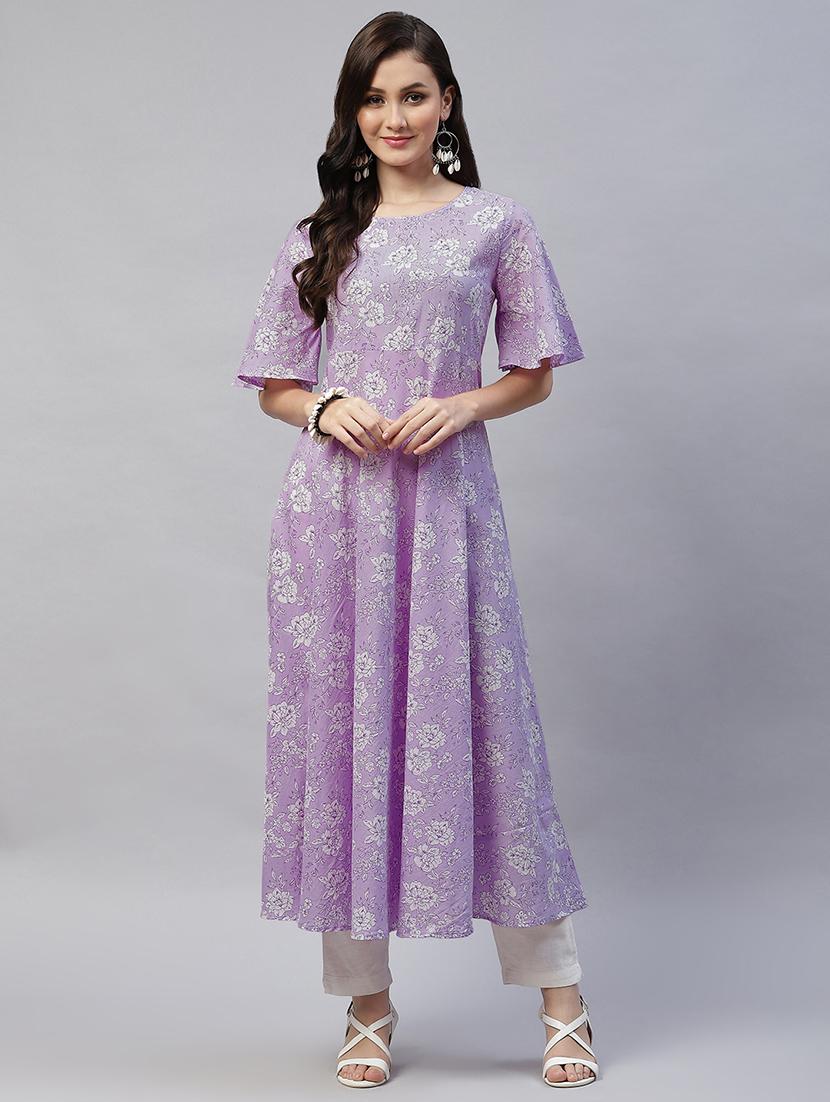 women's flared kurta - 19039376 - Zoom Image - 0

* * *

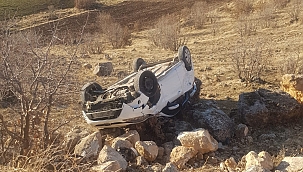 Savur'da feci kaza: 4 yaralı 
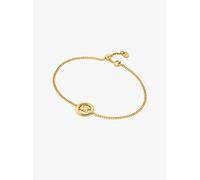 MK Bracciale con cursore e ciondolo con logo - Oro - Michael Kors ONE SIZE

(Description of the task): Copy only this from above: the line containing "Savur'da feci kaza: 4 yaralı", the line containing "MK Bracciale con", and all lines between, printed exactly. Leave out the pictures.

(Exercise answer):
 Savur'da feci kaza: 4 yaralı 
 MK Bracciale con cursore e ciondolo con logo - Oro - Michael Kors ONE SIZE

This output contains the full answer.